In February, the Population Council announced the results of a Phase III trial of Carraguard, a microbicide gel containing the compound carrageenan, which is a seaweed derivative used as a stabilizer and thickening agent in food and cosmetics. This randomized, double-blind, placebo-controlled trial was conducted at three sites in South Africa and involved 6,202 women between the ages of 16 and 72. Last year a Phase III trial with another candidate, known as cellulose sulfate, was terminated early by the trial’s data safety monitoring board (DSMB) because a higher number of HIV infections occurred among microbicide recipients than in those receiving a placebo gel (see VAX June 2007 Primer on Understanding Data Safety Monitoring Boards). Data collected in the Carraguard trial showed that 134 individuals who received the microbicide candidate became HIV infected, compared to 151 individuals who received an inactive placebo gel. The difference was not deemed statistically significant and researchers concluded that Carraguard was not effective at protecting women from HIV (see VAX February 2008 Primer on Understanding Biostatistics and the STEP Trial).

Measuring usage

Similarly to the HSV suppression study, a critical aspect of the Carraguard trial was women’s adherence to the product being tested. Women were counseled to apply the microbicide before every sex act, and although the self-reported adherence rates were 96%, researchers estimate that the actual adherence was much lower. To measure adherence to the gel, researchers collected behavioral information directly from participants and also conducted an applicator test. All applicators used to apply the gel were treated with a compound that, when subjected later to a stain, would change colors if it had been exposed to vaginal mucous. The results of these tests showed women used the gel in only 44% of sex acts, and only 10% of women were estimated to have used it during every sex act.
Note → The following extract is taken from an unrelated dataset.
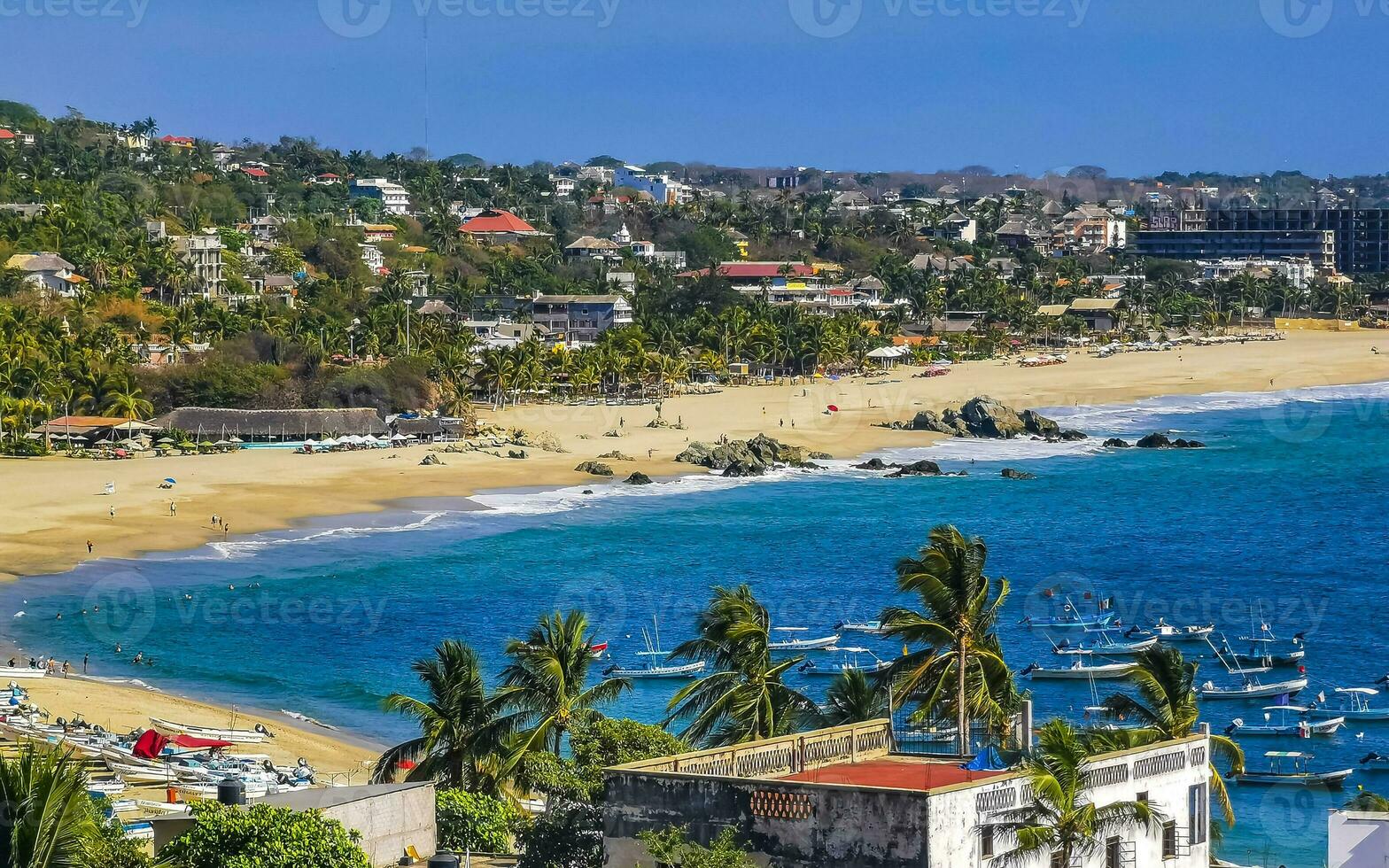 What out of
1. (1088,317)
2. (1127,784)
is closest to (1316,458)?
(1088,317)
An applicator test is one method researchers are using to better estimate adherence, but even this approach is complicated. Barbara Friedland of the Population Council says it was difficult to determine the effectiveness of the applicator test. “All we can tell is whether the applicator was inserted in the vagina or not,” she says. “We don’t know when in relation to the sex act the applicator was inserted into the vagina.”

“It’s possible that low levels of adherence in the trial were responsible for why the product didn’t show an effect,” Friedland notes. “It’s also possible that there was a biological reason—it worked in the lab but it didn’t have the same effect in humans.” Researchers conducted tests of the microbicide in human cell cultures but did not conduct preclinical studies in nonhuman primates with the monkey equivalent of HIV, known as simian immunodeficiency virus (SIV), to gauge the efficacy of the product. Prior to initiating the Phase III trial, the Population Council conducted two Phase II safety studies of Carraguard in South Africa and Thailand, involving a total of 565 HIV-uninfected women.
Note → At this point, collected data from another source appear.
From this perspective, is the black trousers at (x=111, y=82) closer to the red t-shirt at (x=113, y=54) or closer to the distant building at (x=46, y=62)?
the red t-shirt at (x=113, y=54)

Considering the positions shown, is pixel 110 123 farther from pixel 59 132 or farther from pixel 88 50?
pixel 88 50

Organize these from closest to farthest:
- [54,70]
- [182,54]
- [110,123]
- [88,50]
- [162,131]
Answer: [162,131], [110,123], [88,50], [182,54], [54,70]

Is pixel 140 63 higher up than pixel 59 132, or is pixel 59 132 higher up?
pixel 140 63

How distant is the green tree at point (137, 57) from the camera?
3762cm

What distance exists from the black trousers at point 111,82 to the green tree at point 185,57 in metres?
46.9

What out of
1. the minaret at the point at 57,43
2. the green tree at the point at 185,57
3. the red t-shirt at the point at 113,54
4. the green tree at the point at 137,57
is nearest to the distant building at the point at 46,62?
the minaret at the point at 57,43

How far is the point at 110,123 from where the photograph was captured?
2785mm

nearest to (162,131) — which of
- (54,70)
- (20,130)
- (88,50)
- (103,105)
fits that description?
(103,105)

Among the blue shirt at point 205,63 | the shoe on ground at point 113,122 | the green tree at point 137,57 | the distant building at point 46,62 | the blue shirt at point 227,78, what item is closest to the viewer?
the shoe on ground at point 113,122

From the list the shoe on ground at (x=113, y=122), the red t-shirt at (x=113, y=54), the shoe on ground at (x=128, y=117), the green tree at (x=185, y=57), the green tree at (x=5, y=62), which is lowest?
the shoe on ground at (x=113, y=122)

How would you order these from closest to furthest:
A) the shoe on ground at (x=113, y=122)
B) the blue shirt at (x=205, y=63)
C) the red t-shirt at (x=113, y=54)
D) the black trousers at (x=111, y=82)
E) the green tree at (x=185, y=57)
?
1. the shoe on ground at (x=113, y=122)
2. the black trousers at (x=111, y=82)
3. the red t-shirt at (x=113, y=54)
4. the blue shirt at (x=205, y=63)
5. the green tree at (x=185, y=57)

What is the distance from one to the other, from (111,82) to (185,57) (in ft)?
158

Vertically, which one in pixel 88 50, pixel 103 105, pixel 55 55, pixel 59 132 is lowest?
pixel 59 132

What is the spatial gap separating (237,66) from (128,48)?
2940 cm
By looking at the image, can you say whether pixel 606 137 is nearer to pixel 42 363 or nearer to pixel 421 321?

Additional research was also presented at both CROI and Microbicides 2008 on the previously-halted cellulose sulfate microbicide trial conducted by CONRAD, a US-based reproductive health organization. After the trial was stopped by the DSMB, researchers tried to find out if the microbicide gel was in any way enhancing the risk of HIV infection. Researchers from Albert Einstein College of Medicine in New York conducted laboratory studies with the candidate microbicide in vaginal tissues. They found that cellulose sulfate disrupts the proteins that help form tight junctions between the cells that comprise the vaginal tissue layers, which are the first line of defense against HIV. This disruption makes it easier for HIV to cross the mucosal barrier (see VAX January 2008 Primer on Understanding HIV Transmission). These findings provide a possible explanation for how cellulose sulfate may have increased women’s vulnerability to HIV, and the researchers argue that this type of laboratory study should be conducted for all future microbicide candidates.

Together these results offer some sobering news for the HIV prevention field, but at the same time researchers also reported great progress in understanding basic scientific questions that open potential avenues of exploration for both HIV prevention and treatment.